Source records

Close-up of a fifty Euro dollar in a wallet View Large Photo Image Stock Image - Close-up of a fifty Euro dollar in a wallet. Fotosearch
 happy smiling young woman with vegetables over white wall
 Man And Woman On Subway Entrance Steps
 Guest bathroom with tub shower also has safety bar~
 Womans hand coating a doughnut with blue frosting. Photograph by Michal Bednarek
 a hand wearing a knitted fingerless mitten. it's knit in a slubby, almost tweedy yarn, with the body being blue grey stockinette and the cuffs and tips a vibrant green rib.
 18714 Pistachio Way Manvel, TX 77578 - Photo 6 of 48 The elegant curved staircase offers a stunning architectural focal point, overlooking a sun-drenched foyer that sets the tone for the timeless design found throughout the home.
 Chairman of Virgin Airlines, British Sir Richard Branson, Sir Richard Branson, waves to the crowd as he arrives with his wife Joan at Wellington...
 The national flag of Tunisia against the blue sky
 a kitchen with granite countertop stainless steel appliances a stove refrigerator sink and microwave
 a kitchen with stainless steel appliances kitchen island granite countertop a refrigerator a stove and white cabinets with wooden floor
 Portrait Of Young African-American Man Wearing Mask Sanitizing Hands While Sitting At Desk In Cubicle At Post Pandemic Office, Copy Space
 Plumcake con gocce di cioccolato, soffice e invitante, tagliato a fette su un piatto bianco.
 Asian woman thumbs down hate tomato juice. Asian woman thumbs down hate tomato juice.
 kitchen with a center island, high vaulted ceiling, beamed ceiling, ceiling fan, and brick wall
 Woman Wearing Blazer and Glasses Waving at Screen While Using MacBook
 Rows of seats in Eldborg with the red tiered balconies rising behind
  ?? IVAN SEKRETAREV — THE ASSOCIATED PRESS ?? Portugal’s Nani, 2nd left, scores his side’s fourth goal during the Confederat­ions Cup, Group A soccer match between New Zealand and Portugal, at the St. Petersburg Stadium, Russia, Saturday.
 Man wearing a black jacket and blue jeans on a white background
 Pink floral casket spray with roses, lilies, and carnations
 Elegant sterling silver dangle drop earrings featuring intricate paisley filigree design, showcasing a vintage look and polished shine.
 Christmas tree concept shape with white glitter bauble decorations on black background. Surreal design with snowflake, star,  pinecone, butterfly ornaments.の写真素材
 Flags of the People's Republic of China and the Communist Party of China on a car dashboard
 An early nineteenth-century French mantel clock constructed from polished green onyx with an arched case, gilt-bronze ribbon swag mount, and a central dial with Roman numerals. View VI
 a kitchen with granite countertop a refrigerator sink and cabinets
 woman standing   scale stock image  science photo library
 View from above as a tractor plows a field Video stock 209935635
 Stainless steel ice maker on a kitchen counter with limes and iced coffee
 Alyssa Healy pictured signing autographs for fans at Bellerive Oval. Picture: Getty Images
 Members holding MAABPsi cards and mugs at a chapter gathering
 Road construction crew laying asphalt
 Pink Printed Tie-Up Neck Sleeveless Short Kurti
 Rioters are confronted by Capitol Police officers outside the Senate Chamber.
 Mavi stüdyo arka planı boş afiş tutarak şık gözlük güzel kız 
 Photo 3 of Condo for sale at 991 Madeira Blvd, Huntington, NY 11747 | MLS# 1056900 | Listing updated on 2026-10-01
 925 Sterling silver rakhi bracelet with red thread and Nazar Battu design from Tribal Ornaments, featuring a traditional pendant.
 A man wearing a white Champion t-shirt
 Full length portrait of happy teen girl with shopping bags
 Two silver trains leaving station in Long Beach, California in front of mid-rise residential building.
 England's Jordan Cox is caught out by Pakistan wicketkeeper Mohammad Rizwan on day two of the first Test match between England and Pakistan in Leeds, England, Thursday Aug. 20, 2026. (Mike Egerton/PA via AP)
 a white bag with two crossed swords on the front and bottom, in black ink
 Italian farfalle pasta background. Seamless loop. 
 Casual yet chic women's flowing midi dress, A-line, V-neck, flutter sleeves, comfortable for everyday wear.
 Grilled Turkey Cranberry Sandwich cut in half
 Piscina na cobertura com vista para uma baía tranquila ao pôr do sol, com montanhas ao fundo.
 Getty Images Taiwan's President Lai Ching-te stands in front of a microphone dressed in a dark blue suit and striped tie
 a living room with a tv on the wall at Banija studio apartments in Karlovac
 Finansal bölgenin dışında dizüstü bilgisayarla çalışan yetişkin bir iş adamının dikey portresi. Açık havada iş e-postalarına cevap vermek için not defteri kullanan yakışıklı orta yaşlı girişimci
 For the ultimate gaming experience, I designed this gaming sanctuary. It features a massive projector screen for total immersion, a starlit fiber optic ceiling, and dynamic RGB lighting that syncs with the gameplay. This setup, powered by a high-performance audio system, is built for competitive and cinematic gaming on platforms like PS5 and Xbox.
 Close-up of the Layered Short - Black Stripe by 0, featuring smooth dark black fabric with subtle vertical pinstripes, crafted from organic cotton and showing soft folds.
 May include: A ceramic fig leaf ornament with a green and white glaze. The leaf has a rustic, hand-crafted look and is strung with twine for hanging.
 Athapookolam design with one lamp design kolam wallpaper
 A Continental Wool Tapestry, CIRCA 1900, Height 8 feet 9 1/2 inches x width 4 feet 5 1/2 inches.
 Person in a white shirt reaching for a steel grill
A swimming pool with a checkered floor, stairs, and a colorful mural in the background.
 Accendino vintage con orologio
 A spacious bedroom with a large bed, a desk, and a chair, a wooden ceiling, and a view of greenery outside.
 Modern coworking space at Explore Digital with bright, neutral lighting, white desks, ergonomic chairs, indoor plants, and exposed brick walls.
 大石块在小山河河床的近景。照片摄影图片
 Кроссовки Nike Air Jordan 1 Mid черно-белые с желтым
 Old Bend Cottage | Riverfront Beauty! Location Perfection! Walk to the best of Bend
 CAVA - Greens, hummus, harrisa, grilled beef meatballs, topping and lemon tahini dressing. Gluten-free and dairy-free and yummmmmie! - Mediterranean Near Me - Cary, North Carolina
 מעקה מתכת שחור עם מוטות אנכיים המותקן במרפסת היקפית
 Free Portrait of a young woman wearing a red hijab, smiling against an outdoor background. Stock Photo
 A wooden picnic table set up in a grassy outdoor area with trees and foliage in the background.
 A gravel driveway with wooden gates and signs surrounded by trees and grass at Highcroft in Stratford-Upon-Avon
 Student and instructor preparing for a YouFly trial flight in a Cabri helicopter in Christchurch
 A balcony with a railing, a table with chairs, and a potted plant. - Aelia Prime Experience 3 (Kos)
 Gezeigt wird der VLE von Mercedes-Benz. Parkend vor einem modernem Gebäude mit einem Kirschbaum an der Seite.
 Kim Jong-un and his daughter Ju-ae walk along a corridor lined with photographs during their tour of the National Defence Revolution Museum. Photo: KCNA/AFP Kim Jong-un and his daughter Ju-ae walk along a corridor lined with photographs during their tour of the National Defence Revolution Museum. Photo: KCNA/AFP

Assignment
Your reply needs to reproduce all of the listing exactly.

Solution for this task
Close-up of a fifty Euro dollar in a wallet View Large Photo Image Stock Image - Close-up of a fifty Euro dollar in a wallet. Fotosearch
 happy smiling young woman with vegetables over white wall
 Man And Woman On Subway Entrance Steps
 Guest bathroom with tub shower also has safety bar~
 Womans hand coating a doughnut with blue frosting. Photograph by Michal Bednarek
 a hand wearing a knitted fingerless mitten. it's knit in a slubby, almost tweedy yarn, with the body being blue grey stockinette and the cuffs and tips a vibrant green rib.
 18714 Pistachio Way Manvel, TX 77578 - Photo 6 of 48 The elegant curved staircase offers a stunning architectural focal point, overlooking a sun-drenched foyer that sets the tone for the timeless design found throughout the home.
 Chairman of Virgin Airlines, British Sir Richard Branson, Sir Richard Branson, waves to the crowd as he arrives with his wife Joan at Wellington...
 The national flag of Tunisia against the blue sky
 a kitchen with granite countertop stainless steel appliances a stove refrigerator sink and microwave
 a kitchen with stainless steel appliances kitchen island granite countertop a refrigerator a stove and white cabinets with wooden floor
 Portrait Of Young African-American Man Wearing Mask Sanitizing Hands While Sitting At Desk In Cubicle At Post Pandemic Office, Copy Space
 Plumcake con gocce di cioccolato, soffice e invitante, tagliato a fette su un piatto bianco.
 Asian woman thumbs down hate tomato juice. Asian woman thumbs down hate tomato juice.
 kitchen with a center island, high vaulted ceiling, beamed ceiling, ceiling fan, and brick wall
 Woman Wearing Blazer and Glasses Waving at Screen While Using MacBook
 Rows of seats in Eldborg with the red tiered balconies rising behind
  ?? IVAN SEKRETAREV — THE ASSOCIATED PRESS ?? Portugal’s Nani, 2nd left, scores his side’s fourth goal during the Confederat­ions Cup, Group A soccer match between New Zealand and Portugal, at the St. Petersburg Stadium, Russia, Saturday.
 Man wearing a black jacket and blue jeans on a white background
 Pink floral casket spray with roses, lilies, and carnations
 Elegant sterling silver dangle drop earrings featuring intricate paisley filigree design, showcasing a vintage look and polished shine.
 Christmas tree concept shape with white glitter bauble decorations on black background. Surreal design with snowflake, star,  pinecone, butterfly ornaments.の写真素材
 Flags of the People's Republic of China and the Communist Party of China on a car dashboard
 An early nineteenth-century French mantel clock constructed from polished green onyx with an arched case, gilt-bronze ribbon swag mount, and a central dial with Roman numerals. View VI
 a kitchen with granite countertop a refrigerator sink and cabinets
 woman standing   scale stock image  science photo library
 View from above as a tractor plows a field Video stock 209935635
 Stainless steel ice maker on a kitchen counter with limes and iced coffee
 Alyssa Healy pictured signing autographs for fans at Bellerive Oval. Picture: Getty Images
 Members holding MAABPsi cards and mugs at a chapter gathering
 Road construction crew laying asphalt
 Pink Printed Tie-Up Neck Sleeveless Short Kurti
 Rioters are confronted by Capitol Police officers outside the Senate Chamber.
 Mavi stüdyo arka planı boş afiş tutarak şık gözlük güzel kız 
 Photo 3 of Condo for sale at 991 Madeira Blvd, Huntington, NY 11747 | MLS# 1056900 | Listing updated on 2026-10-01
 925 Sterling silver rakhi bracelet with red thread and Nazar Battu design from Tribal Ornaments, featuring a traditional pendant.
 A man wearing a white Champion t-shirt
 Full length portrait of happy teen girl with shopping bags
 Two silver trains leaving station in Long Beach, California in front of mid-rise residential building.
 England's Jordan Cox is caught out by Pakistan wicketkeeper Mohammad Rizwan on day two of the first Test match between England and Pakistan in Leeds, England, Thursday Aug. 20, 2026. (Mike Egerton/PA via AP)
 a white bag with two crossed swords on the front and bottom, in black ink
 Italian farfalle pasta background. Seamless loop. 
 Casual yet chic women's flowing midi dress, A-line, V-neck, flutter sleeves, comfortable for everyday wear.
 Grilled Turkey Cranberry Sandwich cut in half
 Piscina na cobertura com vista para uma baía tranquila ao pôr do sol, com montanhas ao fundo.
 Getty Images Taiwan's President Lai Ching-te stands in front of a microphone dressed in a dark blue suit and striped tie
 a living room with a tv on the wall at Banija studio apartments in Karlovac
 Finansal bölgenin dışında dizüstü bilgisayarla çalışan yetişkin bir iş adamının dikey portresi. Açık havada iş e-postalarına cevap vermek için not defteri kullanan yakışıklı orta yaşlı girişimci
 For the ultimate gaming experience, I designed this gaming sanctuary. It features a massive projector screen for total immersion, a starlit fiber optic ceiling, and dynamic RGB lighting that syncs with the gameplay. This setup, powered by a high-performance audio system, is built for competitive and cinematic gaming on platforms like PS5 and Xbox.
 Close-up of the Layered Short - Black Stripe by 0, featuring smooth dark black fabric with subtle vertical pinstripes, crafted from organic cotton and showing soft folds.
 May include: A ceramic fig leaf ornament with a green and white glaze. The leaf has a rustic, hand-crafted look and is strung with twine for hanging.
 Athapookolam design with one lamp design kolam wallpaper
 A Continental Wool Tapestry, CIRCA 1900, Height 8 feet 9 1/2 inches x width 4 feet 5 1/2 inches.
 Person in a white shirt reaching for a steel grill
A swimming pool with a checkered floor, stairs, and a colorful mural in the background.
 Accendino vintage con orologio
 A spacious bedroom with a large bed, a desk, and a chair, a wooden ceiling, and a view of greenery outside.
 Modern coworking space at Explore Digital with bright, neutral lighting, white desks, ergonomic chairs, indoor plants, and exposed brick walls.
 大石块在小山河河床的近景。照片摄影图片
 Кроссовки Nike Air Jordan 1 Mid черно-белые с желтым
 Old Bend Cottage | Riverfront Beauty! Location Perfection! Walk to the best of Bend
 CAVA - Greens, hummus, harrisa, grilled beef meatballs, topping and lemon tahini dressing. Gluten-free and dairy-free and yummmmmie! - Mediterranean Near Me - Cary, North Carolina
 מעקה מתכת שחור עם מוטות אנכיים המותקן במרפסת היקפית
 Free Portrait of a young woman wearing a red hijab, smiling against an outdoor background. Stock Photo
 A wooden picnic table set up in a grassy outdoor area with trees and foliage in the background.
 A gravel driveway with wooden gates and signs surrounded by trees and grass at Highcroft in Stratford-Upon-Avon
 Student and instructor preparing for a YouFly trial flight in a Cabri helicopter in Christchurch
 A balcony with a railing, a table with chairs, and a potted plant. - Aelia Prime Experience 3 (Kos)
 Gezeigt wird der VLE von Mercedes-Benz. Parkend vor einem modernem Gebäude mit einem Kirschbaum an der Seite.
 Kim Jong-un and his daughter Ju-ae walk along a corridor lined with photographs during their tour of the National Defence Revolution Museum. Photo: KCNA/AFP Kim Jong-un and his daughter Ju-ae walk along a corridor lined with photographs during their tour of the National Defence Revolution Museum. Photo: KCNA/AFP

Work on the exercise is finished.